Facts 1 : Cession of Mexican Region
The States of California, Nevada, Utah, New Mexico, Arizona, and parts of Texas, Colorado, and Wyoming was the region that roughly half of Mexico’s pre-war territory because most of Mexican citizens lived in this area.
Because of the Treaty of Guadalupe Hidalgo. About 3,000 decided to move to Mexican territory.
Facts 2 : Emigration From Mexico
Mexican emigration to the United States was not significant until the construction of the railroad network between Mexico and the Southwest, that provided employment and eased transit. Increasing demands for agricultural labour, and the violence and economic disruption of the Mexican Revolution, also caused many to flee Mexico during the years of 1910-1920 and again during the Cristero War in the late 1920s.
Facts 3 : U.S Citizenship and Immigration Law
The Immigration law regulated in 1917, but the enforcement was lax and many exceptions were given for employers. The establishment of the U.S. Border Patrol in 1924, make the enforcement became more strict, and in the late 1920s before the market crash as part of general anti-immigrant sentiment, enforcement was again tightened.
Facts 4 : Repatriation of The Early 1930s
During the early 1930s, large number of Mexican nationals and Mexican-Americans were repatriated.
Facts 5 : Scope of Repatriation
The researcher estimates that over 400,000 Mexican left the U.S between 1929 and 1937, with a peak of 138,000 in 1931. The repatriated decreased after 1933.
Facts 6 : Justification for Repatriation
Even before the Wall Street crash, a variety of “small farmers, progressives, labour unions, eugenicists and racists” had called for restrictions on Mexican Immigration. Their arguments focused primarily on competition for jobs and the cost of public assistance for indigents.

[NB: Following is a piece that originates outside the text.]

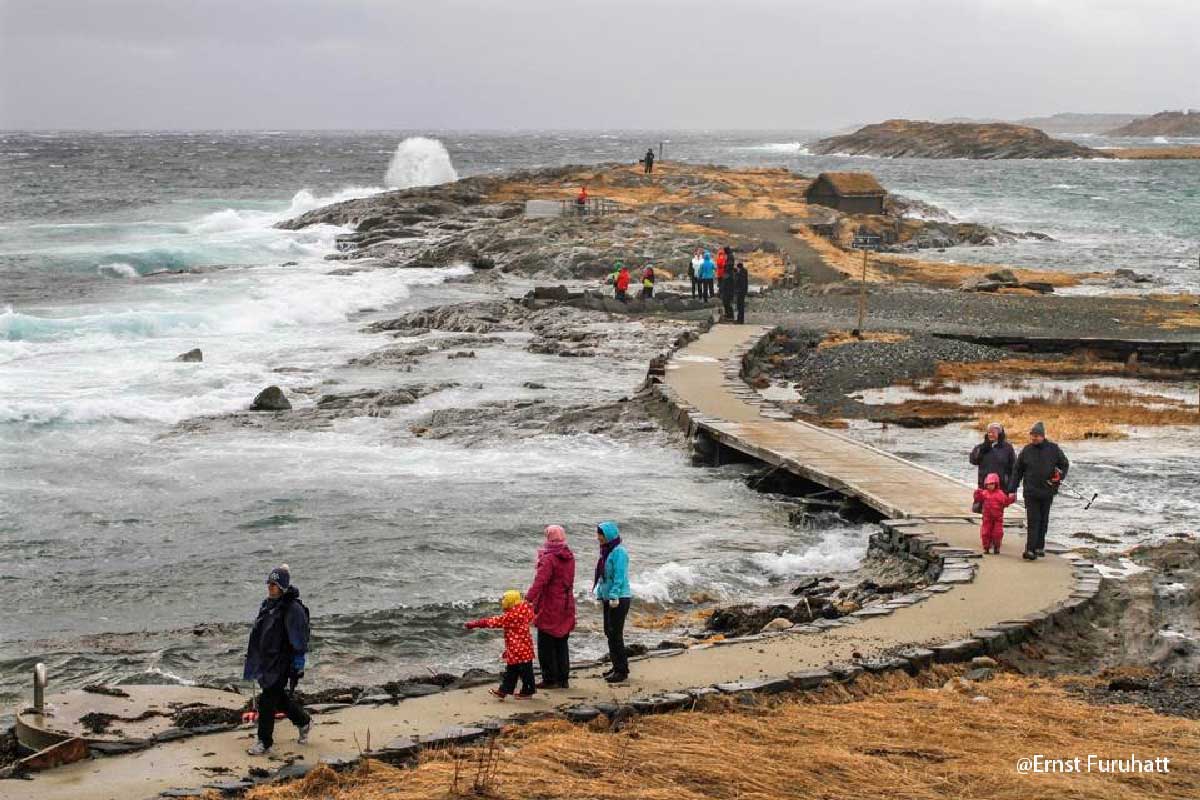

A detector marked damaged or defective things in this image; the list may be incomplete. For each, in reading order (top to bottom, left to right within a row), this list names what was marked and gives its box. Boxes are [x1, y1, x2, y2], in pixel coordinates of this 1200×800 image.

damaged boardwalk section [11, 324, 1096, 800]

Facts about Mexican Immigration during the Great Depression 7: Mechanisms of Repatriation
The federal government, in coordination with local governments, took steps to remove Mexicans. The mechanisms of repatriation conducted through a combination of “lure, persuasion, and coercion.
Facts about Mexican Immigration during the Great Depression 8: Federal Government Action
To face the effects of the great depression, states began passing laws that required all public employees to be American citizens, and employers were subject to harsh penalties such as a five hundred dollar fine or six months in jail if they hired immigrants.
Facts about Mexican Immigration during the Great Depression 9: Repatriation in Los Angeles
Los Angeles had the largest population of Mexicans outside Mexico and had a typical deportation approach, with a plan for publicity releases announcing the deportation campaign.
Facts about Mexican Immigration during the Great Depression 10: Mexican Government Response
Mexican government had traditionally taken the position that it was “duty-bound” to help repatriate Mexicans who lived in the annexed portions of the Southwest United States.